Dawson’s Creek Witches
The cultural impact of The Blair Witch Project was huge right down to the many homages it inspired. Dawson (James Van Der Beek) is obsessed with movies so it isn’t a stretch he would want to film his own witch documentary, especially as Capeside is deep in New England Salem witch-era territory. In the Season 3 episode “Escape from Witch Island,” Dawson is joined by Joey (Katie Holmes), Pacey (Joshua Jackson), and Jen (Michelle Williams) in his very own Blair Witch adventure, which means they don’t have to write about The Crucible for class. Spooky things take place, romantic entanglements get messier — with or without the aid of a love spell — and a teen witch from centuries ago quite possibly gives them a guided tour.
Meghan Rotundi (Amanda Foreman), Felicity
Some teen witches have the power to change the course of history on a grand scale, some use their magic to solve an outfit crisis, and others will sacrifice themselves to save their best friend. Some dress the part, buy the books, but don’t seem like they will ever successfully cast a spell. And when they do actually manage it this comes as a surprise to the viewer and those characters impacted by the magic in question. This is the case of Meghan Rotundi on Felicity. Meghan’s spells mostly focus on messing with her roommate, Felicity (Keri Russell). J.J. Abrams flexed his genre muscle with a stylized Twilight Zone episode, inspired by the contents of Meghan’s magical mystery box and a spell also sent Felicity back through time — all on a regular WB college show.

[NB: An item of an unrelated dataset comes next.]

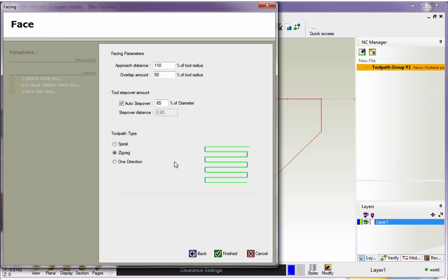So here's all the different parameters for facing. This approach distance is how far off the geometry we're going to start. I don't want the tool to plunge down right on top of the part. I want it to come down away from the boundary. So that's what this is all about, the approach distance. By default, it's 110% of the tool radius.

Terri Roberts (Lisa Robin Kelly) and Margi Kleinjan (Wendy Benson-Landes), The X-Files
This was the mid-'90s, so the fear of satanic cults was prevalent and The X-Files did a number of episodes looking at small-town hysteria, including “Syzygy” in Season 3. The word “witch” doesn’t come into play; instead, a planetary alignment creating a cosmic G-spot is credited with giving Terri and Margi powers — but this also seems pretty witchy to me. Terri and Margi in their style and manner of speaking are part Laura Palmer (Sheryl Lee), part Cher Horowitz and a big dollop of the Craft teens. This episode also boasts Ryan Reynolds getting killed in the cold open and an iconic Scully line. It also happened to air when I was at a sleepover, so we recreated it, putting on the most amount of eyeliner and uttering “Hate him, hate him, wouldn’t want to date him.” What is truly scary is that video is probably still out there somewhere.

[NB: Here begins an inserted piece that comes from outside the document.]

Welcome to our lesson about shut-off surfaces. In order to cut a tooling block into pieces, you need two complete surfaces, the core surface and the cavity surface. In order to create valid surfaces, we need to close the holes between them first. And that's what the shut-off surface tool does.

The Academy, American Horror Story: Coven
For the best-dressed teen witches look no further than Season 3 of American Horror Story. Leaning into the whole all-black ensemble — including some fetching headwear — these girls all demonstrate why this kind of outfit is a classic for a reason. And it isn’t about wearing matching uniforms either. This is a very different school to Hogwarts, The Academy in New Orleans is a hotbed of dark power, feuds and trying to figure out the powers they possess, all while trying to stay alive. This isn’t easy, but they sure as hell look good while they try to. If you want teen witches with a dollop of Ryan Murphy-infused witch history then look no further.
Ethel Hallow (Felicity Jones), The Worst Witch and Weirdster College
Before Harry Potter there was The Worst Witch book series, adapted in the late ‘90s for children’s TV in the U.K. And long before she was Jyn Erso, Felicity Jones was Ethel Hallow, the mean girl of Cackle’s Academy, who would later reprise her role as Ethel in the spinoff Weirdster College. Her roommate also happened to be her former nemesis — and Worst Witch protagonist Mildred Hubble (Georgina Sherrington) — but the two become BFFs, putting aside early teen pettiness.